Buddha:  To master one’s cravings, this is the essence of superior spirituality.

Bertie:  Really? Oh dear. I fear i’ve not given much attention to mastering my cravings. At the Drone’s Club, we rather incline toward inventing new cravings.

Buddha:  It is no matter. You are well on the way to cultivating mindlessness, my son.

Bertie:  I say! Now you’re reminding me of my Aunt Dahlia.

Confucius:  She is a philosopher?

Bertie:  No, but this chap seems to share her view of my mind and its capacities, what?

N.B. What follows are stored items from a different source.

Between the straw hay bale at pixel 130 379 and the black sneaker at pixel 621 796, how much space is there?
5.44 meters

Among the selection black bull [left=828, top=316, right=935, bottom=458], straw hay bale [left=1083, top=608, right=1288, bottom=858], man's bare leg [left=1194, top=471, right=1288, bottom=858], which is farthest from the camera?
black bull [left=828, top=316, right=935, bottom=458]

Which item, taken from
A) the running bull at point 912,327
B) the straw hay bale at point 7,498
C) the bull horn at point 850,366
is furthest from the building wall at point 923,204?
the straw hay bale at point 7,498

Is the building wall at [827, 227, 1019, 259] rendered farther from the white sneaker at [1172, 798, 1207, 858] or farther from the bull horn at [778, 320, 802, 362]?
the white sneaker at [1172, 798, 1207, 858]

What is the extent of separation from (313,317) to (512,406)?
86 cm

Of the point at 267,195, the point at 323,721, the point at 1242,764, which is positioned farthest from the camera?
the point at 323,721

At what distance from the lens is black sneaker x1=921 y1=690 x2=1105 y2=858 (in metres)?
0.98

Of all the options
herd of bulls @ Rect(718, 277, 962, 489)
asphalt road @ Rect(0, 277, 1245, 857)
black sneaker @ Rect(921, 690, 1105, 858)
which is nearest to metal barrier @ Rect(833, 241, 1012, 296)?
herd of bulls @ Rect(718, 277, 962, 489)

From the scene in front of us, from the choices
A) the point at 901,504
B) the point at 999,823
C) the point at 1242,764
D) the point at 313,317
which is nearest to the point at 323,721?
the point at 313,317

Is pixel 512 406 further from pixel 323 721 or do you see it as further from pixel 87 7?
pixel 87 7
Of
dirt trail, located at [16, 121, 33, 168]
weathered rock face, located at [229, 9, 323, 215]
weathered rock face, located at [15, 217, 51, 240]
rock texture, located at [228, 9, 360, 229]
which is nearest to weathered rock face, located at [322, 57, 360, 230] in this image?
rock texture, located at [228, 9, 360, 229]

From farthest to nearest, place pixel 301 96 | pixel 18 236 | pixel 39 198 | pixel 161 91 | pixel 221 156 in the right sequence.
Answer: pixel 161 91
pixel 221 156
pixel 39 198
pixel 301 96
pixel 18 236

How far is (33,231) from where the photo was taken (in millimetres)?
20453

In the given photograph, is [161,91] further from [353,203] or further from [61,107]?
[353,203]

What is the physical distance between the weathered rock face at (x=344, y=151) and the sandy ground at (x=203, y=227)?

Confucius:  We owe respect to our elders, even when their words to us are sharp, like the edge of a cultivating tool.

Bertie:  Aunt Dahlia certainly knows her cultivating tools, being something in the way of a gardener.

Confucius:  Indeed! To bring forth wealth from the soil, and to subsist by the sweat of one’s brow: such a life is not inferior to that of kings.

Bertie:   If you say so. Well, i mean to say, Aunt Dahlia doesn’t do much sweating about the brow, except where her prize rose bushes are concerned. She subsists mainly by the sweat of other people’s brows, including my Uncle Tom.

Confucius:  Ah.

Bertie:  Now, if this fellow [indicating the Buddha] had called me a blot, a rodent, a germ and an insect, he would rather have reminded me of my Aunt Agatha.

Confucius:  A woman of high spirits! I should like to meet her.

Bertie:  Enjoy leaping into vats of boiling oil in your leisure hours, eh what?

Confucius:  I beg your pardon?

Bertie:  Oh, just musing. Say, what do philosophers eat when dining out?

Confucius:  [nervously eyeing menu]  Er, the usual. Cobb Salads, that sort of thing. And what do privileged young scions of the English aristocratic class eat?

Bertie:  [also looking over menu]  Hmmm. I’m looking for the roast joint of mutton with roast potatoes, mint sauce  and haricots verts. What a confusing menu! What’s a “Southwestern Eggroll”?

Confucius:  Those are actually quite good. Recommend. We’ll just ignore the deeply confused gridwork of cultural appropriations.

Buddha:  The wheel of samsara can be escaped only through self-denial.

Confucius:  See, even he admits that they’re tasty.

Bertie:  I must say i’m not often in the company of philosophers. Well, there’s Jeeves, of course.

Confucius:  Chi Tzu?

Bertie:  Jeeves. J-E-E-V-E-S. Terribly brainy sort of chap. Reads dusty old volumes for enjoyment. No accounting for tastes, what?

Confucius:  A philosopher, then?

Bertie:  Ra-THER. He knows a good bit more about Schopenhauer and, oh, some of those other brainy chaps than i do about houndstooth tweed.

Confucius:  He sounds wonderful! And you say that you have employed him as your staff philosopher?

Bertie:  Well, not precisely. He’s my valet. You know, keeps the jackets ironed and the tea warm, that sort of thing, ha ha.

Confucius:  [somewhat disapprovingly]  Are you certain that you have employed him in accordance with his gifts?

Bertie:  Well, you know, ha ha.

Confucius:  No matter. You must bring him with you the next time we adventitiously meet at Chili’s for dinner!

Bertie:  Depend on it! And i can ask Jeeves later on what ‘adventitiously’ means.